When I race I am constantly reminding myself to run my own race and not feed off other runners pacing, but today that was a bit of a problem for me. Mile 1 I went out way to fast, and I'm talking almost sub 6...yikes I am not that fast, yet. It caused extra lactic build up in my legs that caught up with me around mile 4. Never in my life have I gone out that fast, I actually have a history of going out way too slow and being too conservative. Today must have been opposite day for me.
I have never been great with speed. 5k's, 8k's, 10k's scare the poop out of me because I have always told myself that there is not a speedy muscle in my body. Today I challenged myself to let that go and find some speed somewhere. Spending the past several weeks focusing on the way I view myself as an athlete and what I am mentally capable of handling proved to be a resourceful way of spending my time. As crazy as it may sound talking to yourself and acknowledging that you have the power to move mountains has a lot of resonance in times of trial. Positivity has wonderful potency.
The best way to celebrate a successful run is to eat as many calories of sugar that your body can hold, which I did with my Ann Sather's cinnamon roll french toast that was filled with a marscapone cream. Yummo.
I finished 455th out of 32,427 people and had a 40 second PR, which I would call a success considering that I decided to forgo any type of taper for this race. The hubster and I went for a 3.25 run/walk after we got home and spent the day enjoying the beautiful weather by stopping into Home Depot for the early stages of our "urban garden" we are working on this week. Basically I had the best day ever, and I look forward to tomorrow.
Saturday, April 9, 2011
Friday, April 8, 2011
Tuesday, April 5, 2011
Monday, April 4, 2011
Today I received my confirmation email for the Shamrock Shuffle 8k for this upcoming Sunday. When I opened it I almost had a heart attack. ELITE CORRAL??? FOR REAL??? ME???
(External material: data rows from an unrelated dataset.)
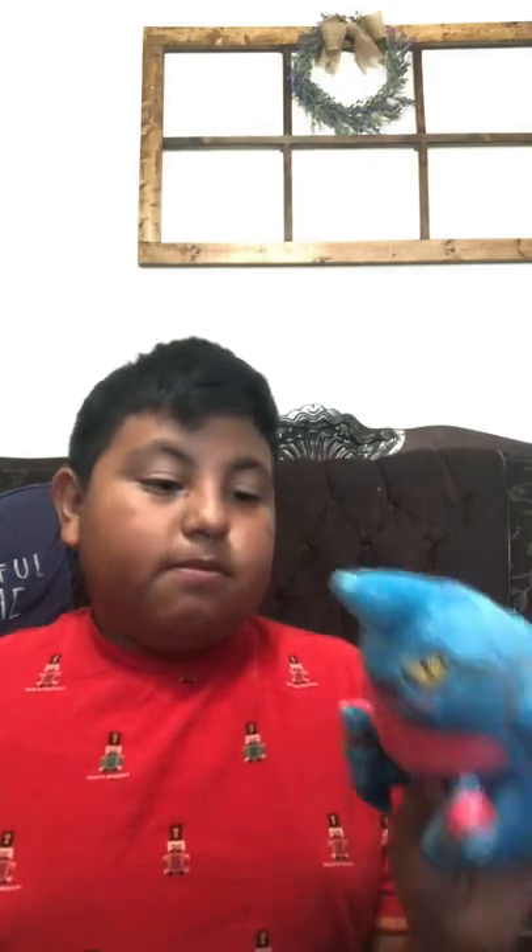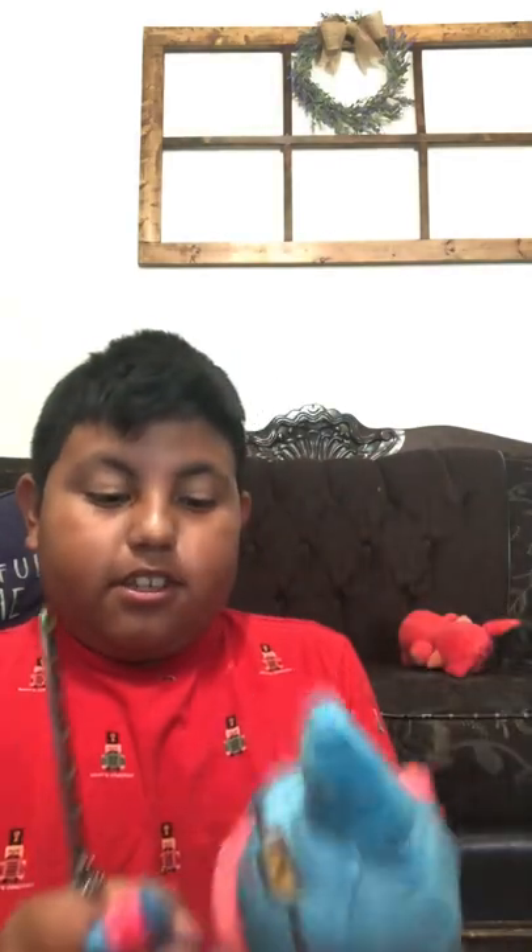Now I'm gonna unbox the Toxicroak plush. There are also these Zeroribs in there, but I don't care about those. The Toxicroak is almost the size of the Zerora — it's the Sitting Cutie size, which are the smallest plushies. So there's the boy. He sits.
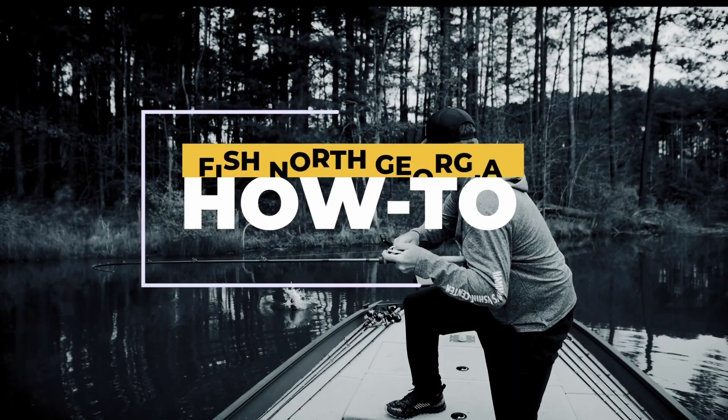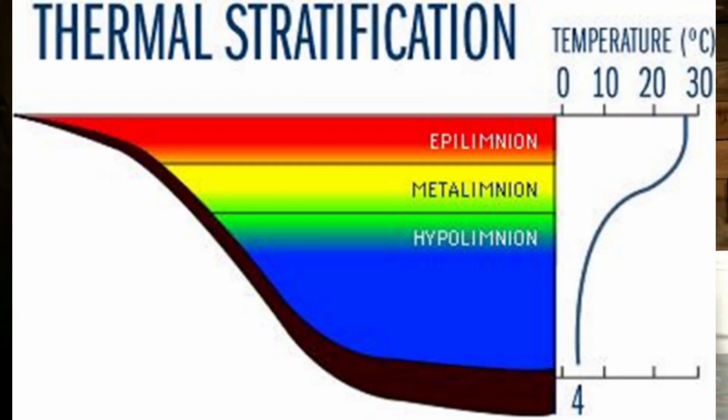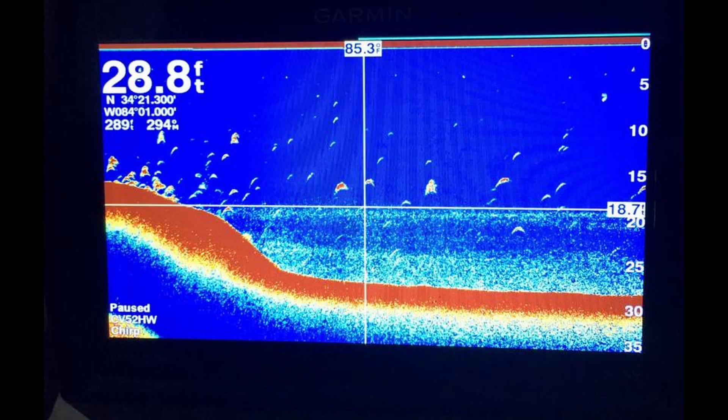Talk about your best explanation of what the thermocline is. The thermocline is where your water layers when it gets hot in the summertime. You get a layer — the water separates. Your cooler, denser water sits on the bottom, your warmer water rises to the top. The bottom layer eventually becomes a dead layer of water once it's set up for a while — the oxygen gets depleted and throughout the summer it's just a dead, stagnant layer of water. In a nutshell, that's basically what it is.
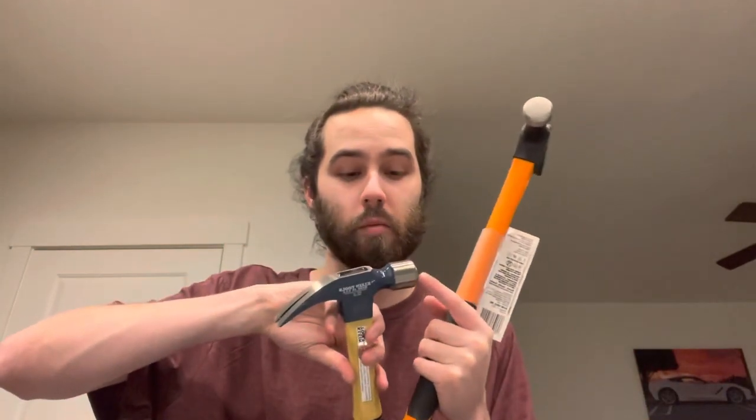I did have a hammer just like this one before with the longer neck, and I ended up selling it to my co-worker to buy the shorter head because I like that better. The shorter the head, the easier it is to use and you can also get into tighter spaces.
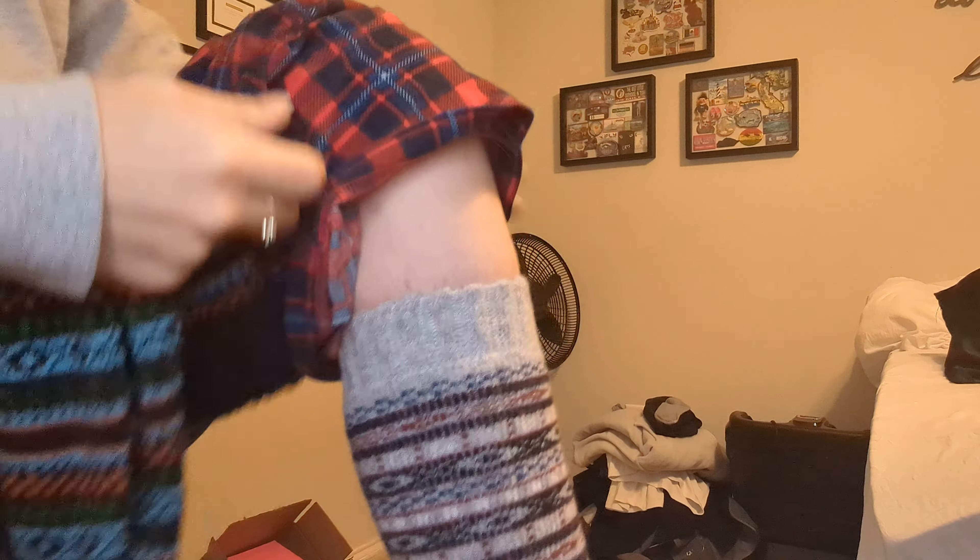They have a Facebook, they have an Instagram, they have TikTok, and they have a website. These come in two pairs — so this is one pair, and I'm also wearing the other pair.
So this race is the largest 8k in the world, registration closed at 35,000 runners this year. There are some pretty amazing runners who venture to this race because of the flat fast course, por ejemplo...Deena Kastor holds the American women's 8k record on this course with a speedy 24:36. Super fast right? People like her start in the elite corral, and apparently they start next to average runners like me...who will be coming in about 8 minutes back from Deenas record time.
This is big new for me and I feel nauseated just thinking about being considered fast enough to start alongside elite runners. I mean I have always thought that I was kinda-sorta-a-wee-bit-fast, but never elite. Today my small little world of recreational running for wellness and self-achievement has turned into something slightly bigger. I feel honored, nervous, crazed, and excited all at the same time to be considered one of the luck handful of folks that show up for my favorite race as an "elite" runner.
Yikes. Whoooooooa. Eeeeek. That is weird to say.
While I attempt to wrap my head around this insane new, I also need to remain focused on my upcoming May goals. This weeks marks 11 of 16 in my training cycle for my upcoming half marathon.
Monday: 8 miles on the treadmill at 1% incline
Tuesday: 16 miles progressive
Wednesday: 8 miles easy recovery
Thursday: 8 miles at a steady state pace, strides
Friday: 8 miles easy, strides
Saturday: OFF, EXPO day
Sunday: Shamrock Shuffle 8k
Nothing crazy this week in the plan, about 60 miles without any craziness. Main goal for the week is to keep myself focused (and remain calm) for Sunday and show up to the line strong, speedy, confident, and well prepared without a taper. I'm not worried, as I have forgone a taper several times in the past and raced my way to some PR's. Big note for me is to heed my hubby's advice to "not psyche myself out crazy" which I have a tendency of doing. Dually noted hubs.